Further, HACMP is only really necessary in environments that must have continuous availability. When deciding whether to use HACMP, you must consider the cost of deploying it versus the cost of having your systems down for four to eight hours while your hardware is being fixed. Other important considerations include the actual cost of failure to your environment, and what applications must be highly available. The bottom line is, if you can afford the downtime, then you don’t need really HACMP. If your application absolutely can’t afford to be down, then you may not be able to live without it. (We should also note that many applications, including Oracle, also provide availability solutions at the application layer.)

How does HACMP work?

While HACMP can support up to 32 nodes (8 for Linux), the vast majority of configurations are two-node clusters, in which one node functions as the failover node for the primary node. In HACMP lingo, that means one active and one standby node are running, both using the same shared disk. See Figure 1.
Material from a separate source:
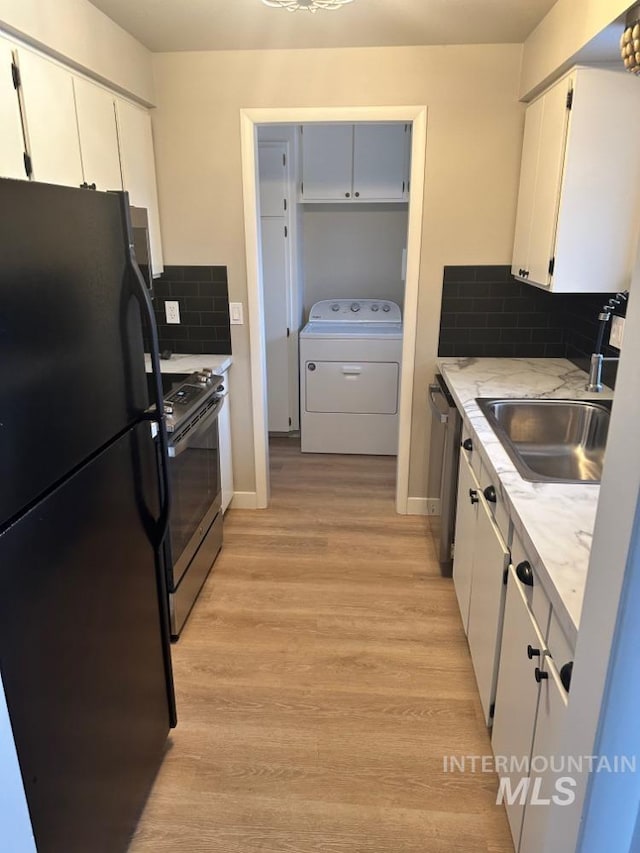 3109 N Tamarack Dr, Boise, ID 83703 - kitchen with stainless steel appliances, washer / dryer, light wood-type flooring, and a sink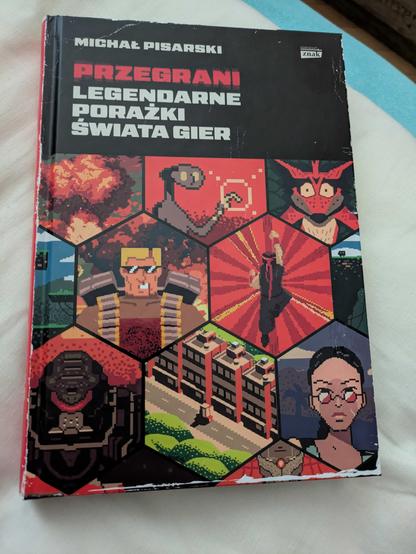 Zdjęcie książki "Przegrani. Legendarne porażki świata gier" autorstwa Michała Pisarskiego. Na okładce jest kilka postaci ze starych gier, a całość jest oprawiona w czerwono-biało-czarnej szacie graficznej, która wydaje się specjalnie uszkodzona.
This figure illustrates a two-node IBM AIX HACMP environment running Oracle, consisting of an active and a standby server. Mutual takeover configurations, where both nodes are running applications and backing each other up, aren’t as common, though they certainly also work well. When configuring your cluster, you must account and plan your applications, cluster topology, network connectivity, shared storage devices, shared LVM components, resource groups, cluster event processing and ultimately the clients themselves.